--- Data block ---

☆ ☆ ☆ ☆

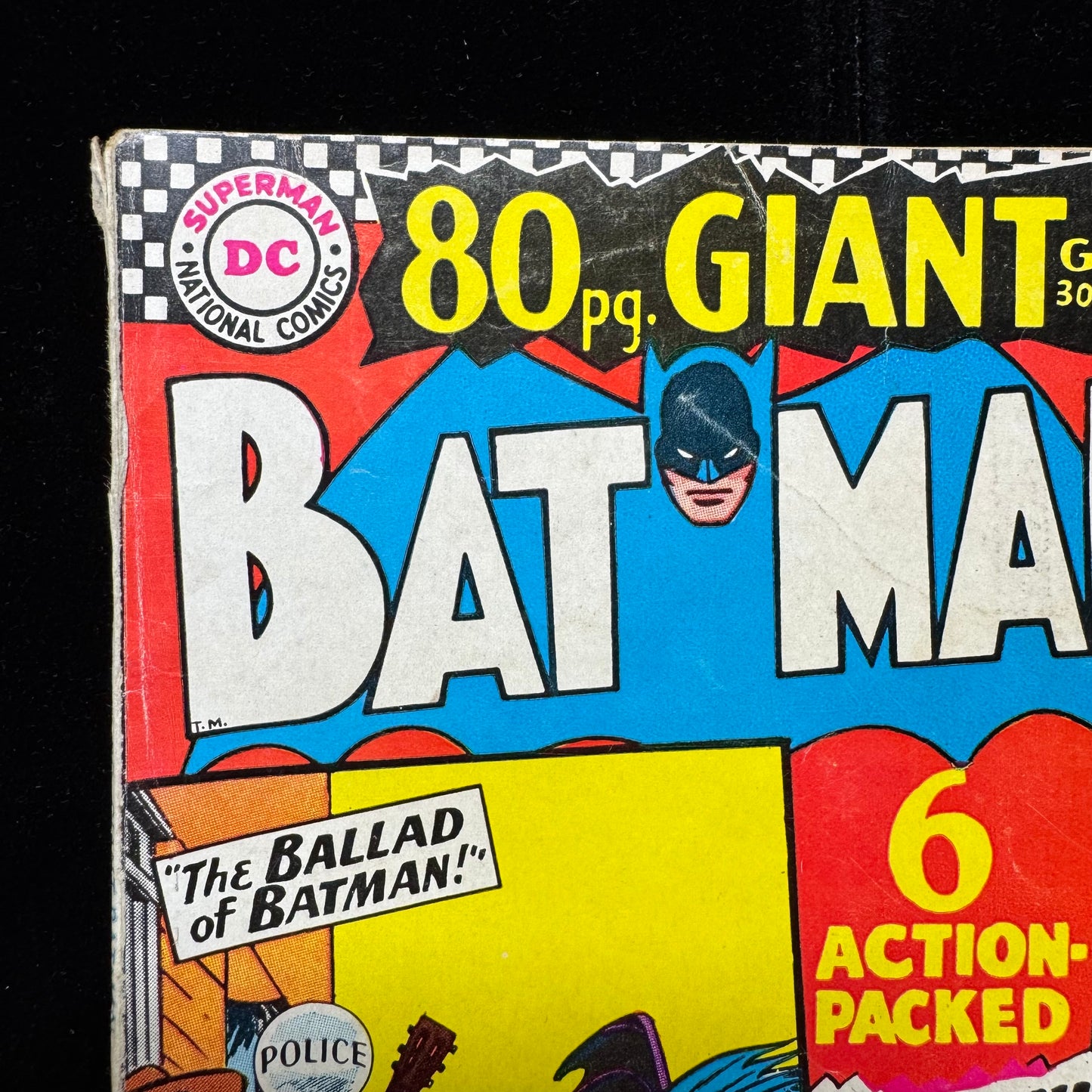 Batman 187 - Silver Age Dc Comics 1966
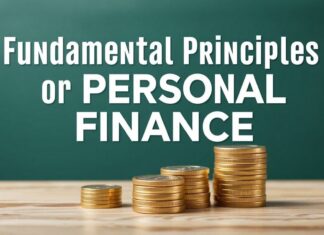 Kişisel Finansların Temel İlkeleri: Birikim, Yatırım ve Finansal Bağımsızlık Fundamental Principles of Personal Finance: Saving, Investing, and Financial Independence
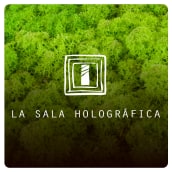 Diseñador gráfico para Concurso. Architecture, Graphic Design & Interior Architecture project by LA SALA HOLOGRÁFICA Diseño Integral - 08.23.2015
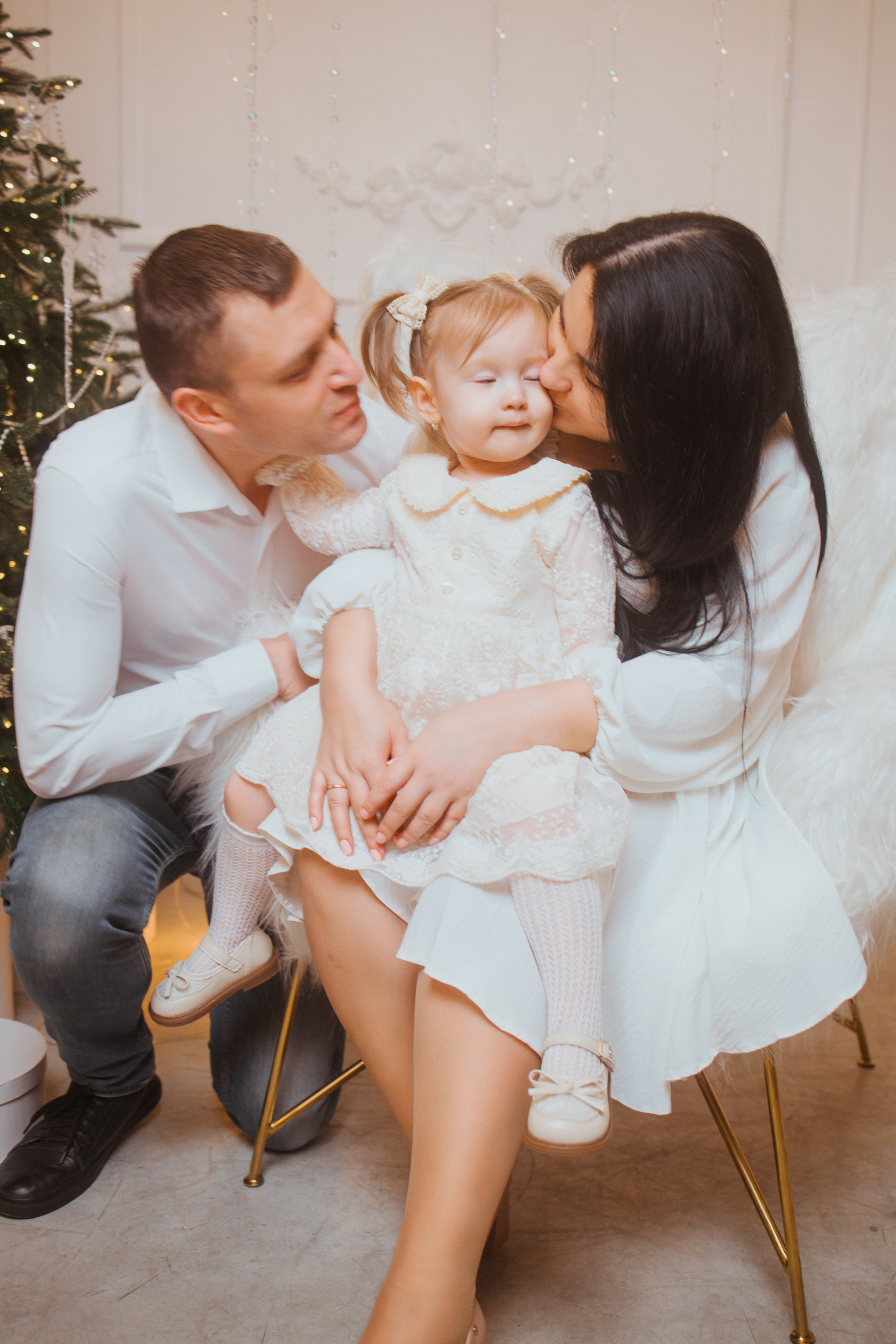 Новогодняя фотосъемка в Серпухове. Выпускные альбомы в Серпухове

☆ ☆ ☆ ☆

--- Your objective ---
Print the material again word for word. Please drop every picture.

--- Finished exercise ---
 Batman 187 - Silver Age Dc Comics 1966
 Kişisel Finansların Temel İlkeleri: Birikim, Yatırım ve Finansal Bağımsızlık Fundamental Principles of Personal Finance: Saving, Investing, and Financial Independence
 Diseñador gráfico para Concurso. Architecture, Graphic Design & Interior Architecture project by LA SALA HOLOGRÁFICA Diseño Integral - 08.23.2015
 Новогодняя фотосъемка в Серпухове. Выпускные альбомы в Серпухове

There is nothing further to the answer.